New Horizons was not only tasked with collecting data on Pluto and Charon, but on Pluto's other satellites, Hydra, Nix, Styx, and Kerberos. It took NASA over 15 months to download the entire data set collected during the Pluto, and Charon encounters. Despite how long this may seem, it was necessary considering the distance between Earth and New Horizons, and the spacecraft could only transmit 1-2 kilobits per second.
The data collected from New Horizons informed us that Pluto and its satellites are far more complicated we initially thought, and scientists were particularly surprised by the level of activity on Pluto's surface. The atmospheric haze and lower-than-predicted atmospheric escape rate forced scientists to revise earlier models of the system fundamentally. There was also evidence of intense shifts in atmospheric pressure, which lead to the possibility Pluto had standing or running liquid material on its surface in the past, or even now!
Stunning photographs showed a giant heart-shaped glacier made of nitrogen, named Sputnik Planitia, on Pluto's surface. The glacier is about 1,000-km wide (600 mi), making it undoubtedly the largest glacier in the solar system that we know of. Images of Charon showed a giant tectonic belt, further suggesting liquid on the surface of Pluto as a long-gone water/ice ocean.
In late 2015, after its Pluto encounter, mission planners began to redirect New Horizons toward Ultima Thule, a Kuiper Belt Object that is approximately 6.4 billion km (4 billion mi) from Earth for a future 2019 flyby. This encounter aimed to measure surface temperature, study the surface geology of the object, search for signs of activity, map the surface, detect any satellites or rings, and measure its mass.
The spacecraft was halfway to its new target from Pluto on April 3, 2017, and soon after entered hibernation mode for "a long summer's nap" that lasted until September 11, 2017. On July 14, 2017, the anniversary of its Pluto-Charon flyby, the New Horizons team unveiled new detailed maps of both planetary bodies.
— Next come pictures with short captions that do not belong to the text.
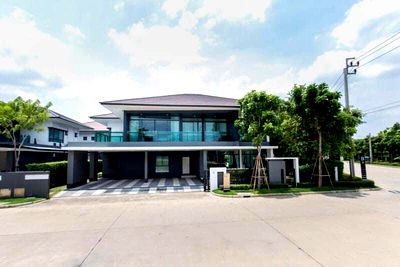 Houses for rent : Setthasiri Krungthepkreeta for rent 4Bedroom 160,000 Baht | Contact 085-546-9559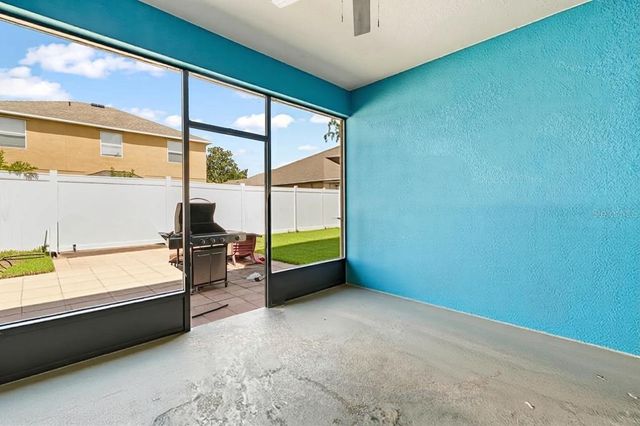 444 YORK DALE DRIVE, Ruskin, FL 33570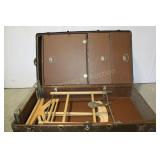 LIKLY STANDING TRAVEL TRUNK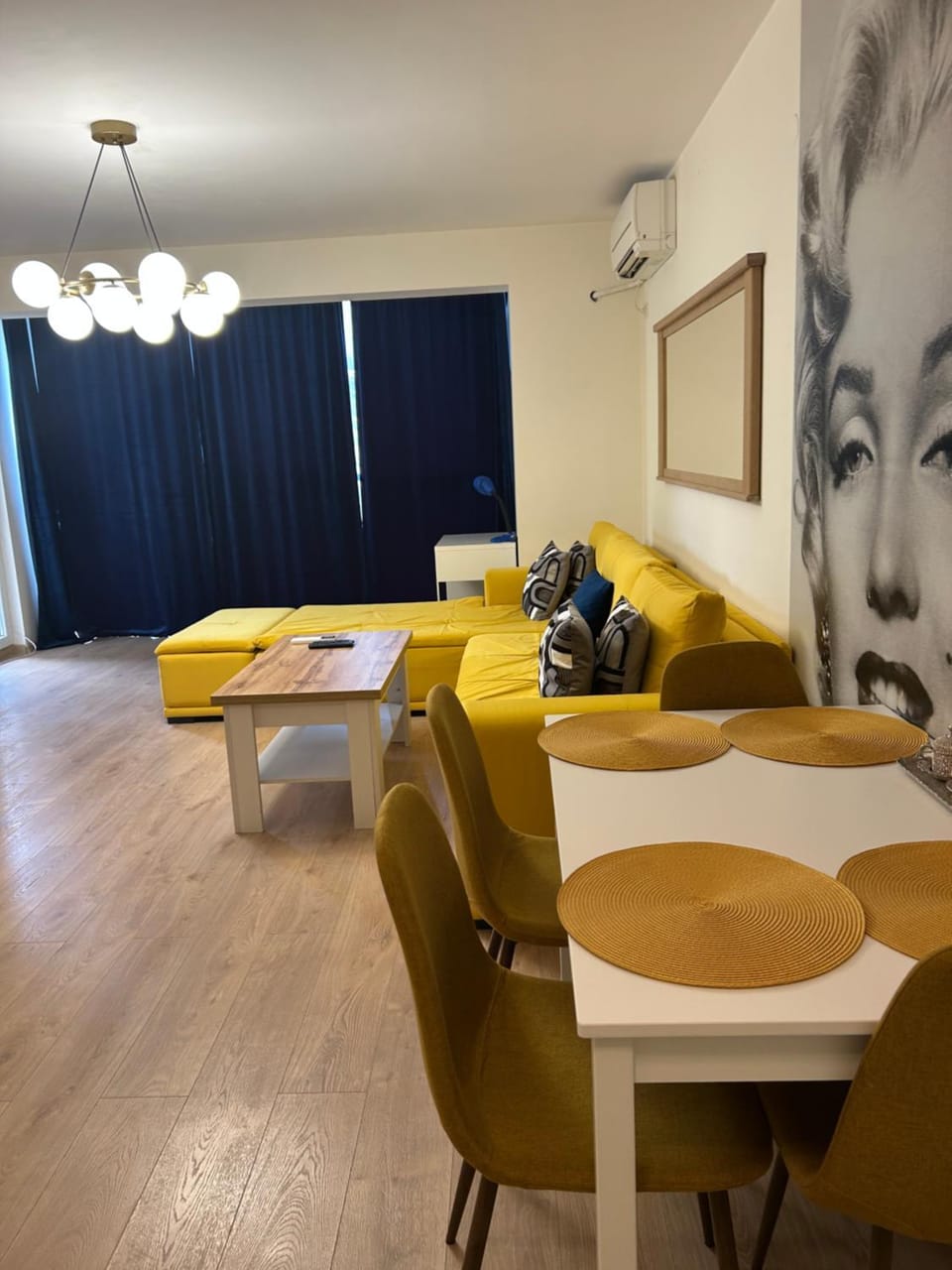 TV and multimedia, Living room, Seating area, Dining area, air conditioner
Nearly 13 years after its launch, New Horizons flew past Ultima Thule, the most distant target in history, on January 1, 2019. Primary images showed a reddish, snowman-like shape. However, further analysis of images taken near 3,500 km (2,200 mi) revealed its unusual shape. Ultima Thule has a large, flat lobe connected to a smaller, rounder lobe that is almost 35 kilometers (22 miles) long in total. The odd shape was the most surprising part of the flyby, as no moons or rings were found. New Horizon's findings from Ultima Thule have genuinely changed the planetary science community, as nothing similar had ever been seen in the solar system. New Horizon's findings there have changed scientists' very understanding of how planetesimals, the building blocks of the planets, form.
In terms of other scientific discoveries made possible by New Horizons, in August 2018, NASA confirmed the existence of a "hydrogen wall" with evidence from New Horizons at the outer edges of the Solar System. This "hydrogen wall" theory was first detected and proposed in 1992 by the Voyager spacecrafts. New Horizons was about 6.6 billion km (4.1 billion mi) from Earth, as of March 2019, and was operating normally and speeding deeper into the Kuiper Belt at nearly 53,000 km/h (33,000 mi/h). The New Horizons mission has been extended through 2021 to explore additional Kuiper Belt objects.